Assez tourné autour du pot ! Du refus du massacre aux contorsions auxquelles on se livre pour imaginer des réponses moins méchantes, la question se pose – l’espoir se fait jour – de l’abandon du nucléaire. L’auteur le suggère, avec discrétion, lorsqu’il imagine un scénario « de rupture » où l’arme nucléaire serait, dans l’avenir, effectivement employée. « Les conséquences, écrit Tertrais, en seraient considérables » ; parmi celles-ci, « une dé-légitimation généralisée de l’arme nucléaire ouvrirait la voie à un désarmement nucléaire total » (p. 47).
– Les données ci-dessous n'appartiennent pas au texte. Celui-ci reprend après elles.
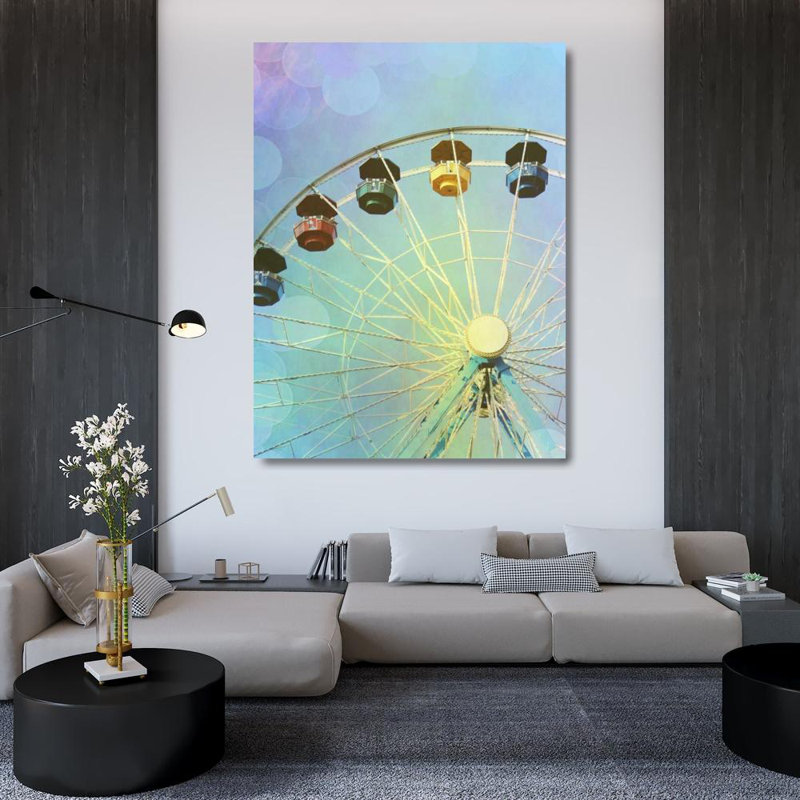 Art sur toile tendue avec châssis Lark Manor ™, Coomes, Sylvia 115739GG, H 47 po x l 36 po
Est-il bien nécessaire, pour en arriver là, d’attendre un nouvel Hiroshima ? Au reste, l’auteur estime en conclusion que le maintien à l’identique de la dissuasion nucléaire est peu probable, pour des raisons « culturelles » (p. 55). L’adjectif est faible, mais il ne faut pas être trop exigeant. Restant à la « stratégie », la première tâche à accomplir est de mettre au pilon la vulgate nucléaire : l’arme facteur de puissance, moyen de chantage, condition de la liberté d’action. Ce catéchisme-là est le meilleur argument qu’on puisse offrir aux États tentés par la Bombe. ♦
(1) Sur cette notion fondamentale de continuum, on se permet de renvoyer le lecteur à notre article « Des bombes et des îles », paru dans Défense nationale d’octobre 1981 et repris dans Le métier des armes (Economica, 1998).